WORK REQUIRED
When you transcribe the listing that follows, keep every line exact and skip any picture.

DATA SECTION
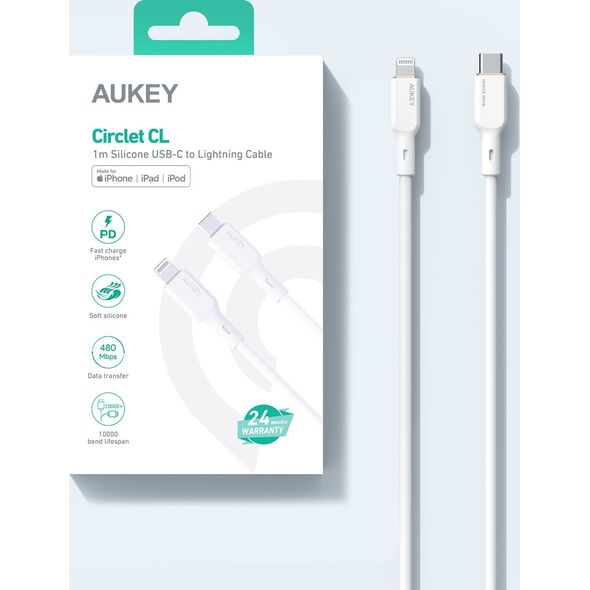 Kabel USB Aukey USB-C - Lightning 1.8 m Biały (CB-SCL2)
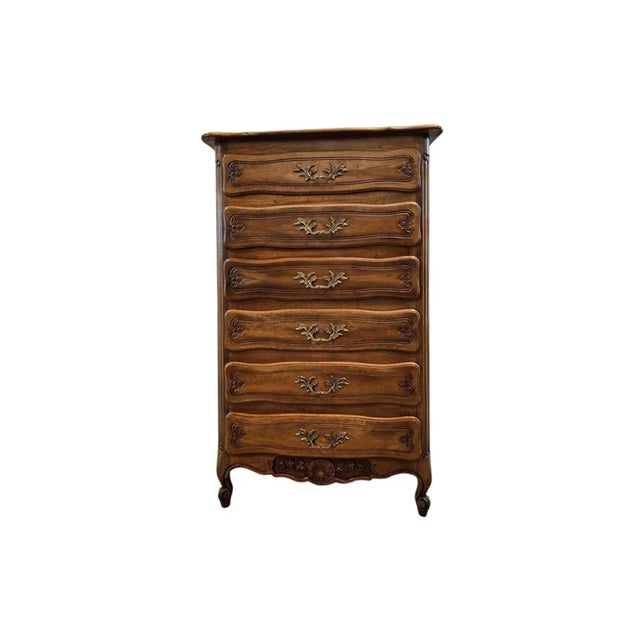 Vintage French Provincial Louis XV Style Walnut Oak Parquetry Semainier For Sale - Image 13 of 13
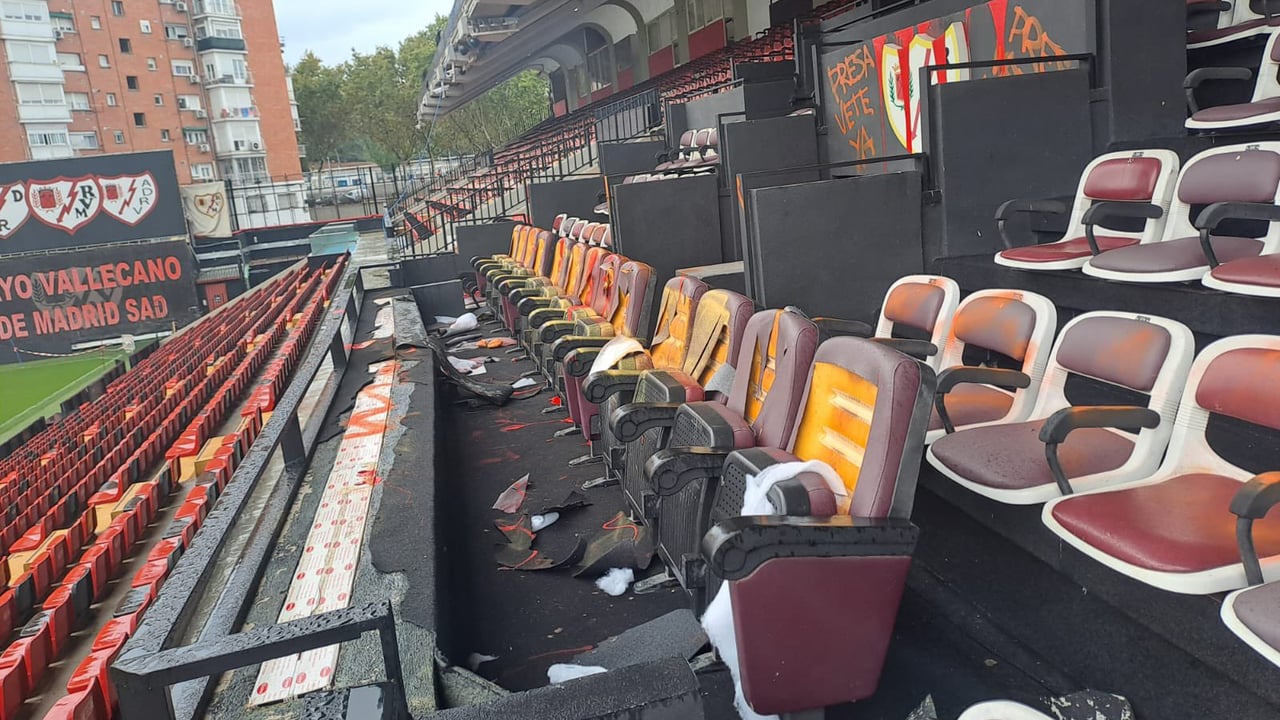 Vandalizan el palco de Vallecas: el Rayo denuncia una campaña de acoso y extorsión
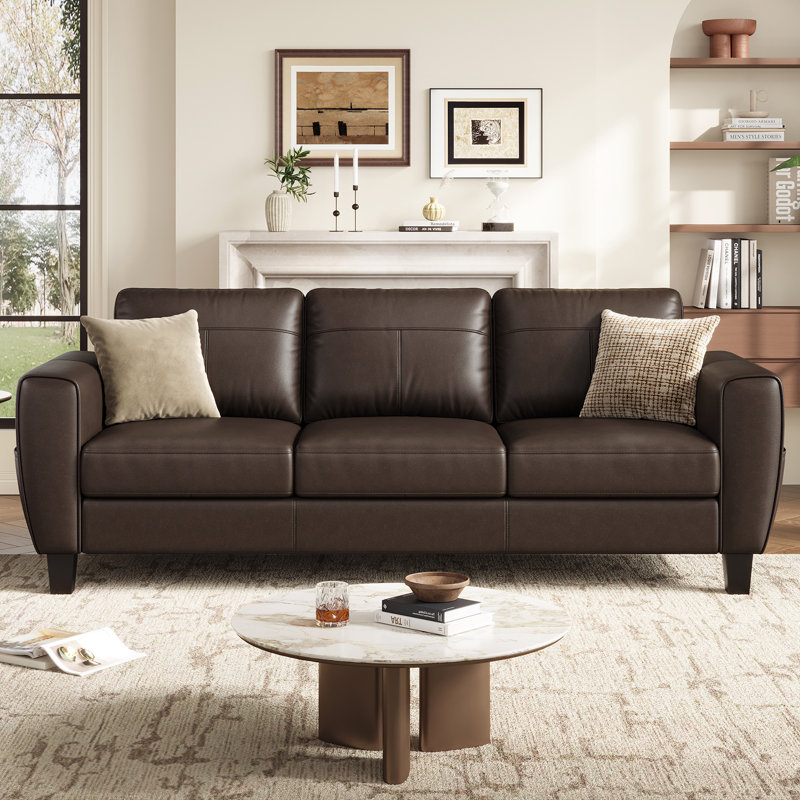 Canapé en cuir véritable 87 po avec accoudoir carré et poche latérale 87 po, Brown Genuine Leather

WRITTEN RESPONSE
 Kabel USB Aukey USB-C - Lightning 1.8 m Biały (CB-SCL2)
 Vintage French Provincial Louis XV Style Walnut Oak Parquetry Semainier For Sale - Image 13 of 13
 Vandalizan el palco de Vallecas: el Rayo denuncia una campaña de acoso y extorsión
 Canapé en cuir véritable 87 po avec accoudoir carré et poche latérale 87 po, Brown Genuine Leather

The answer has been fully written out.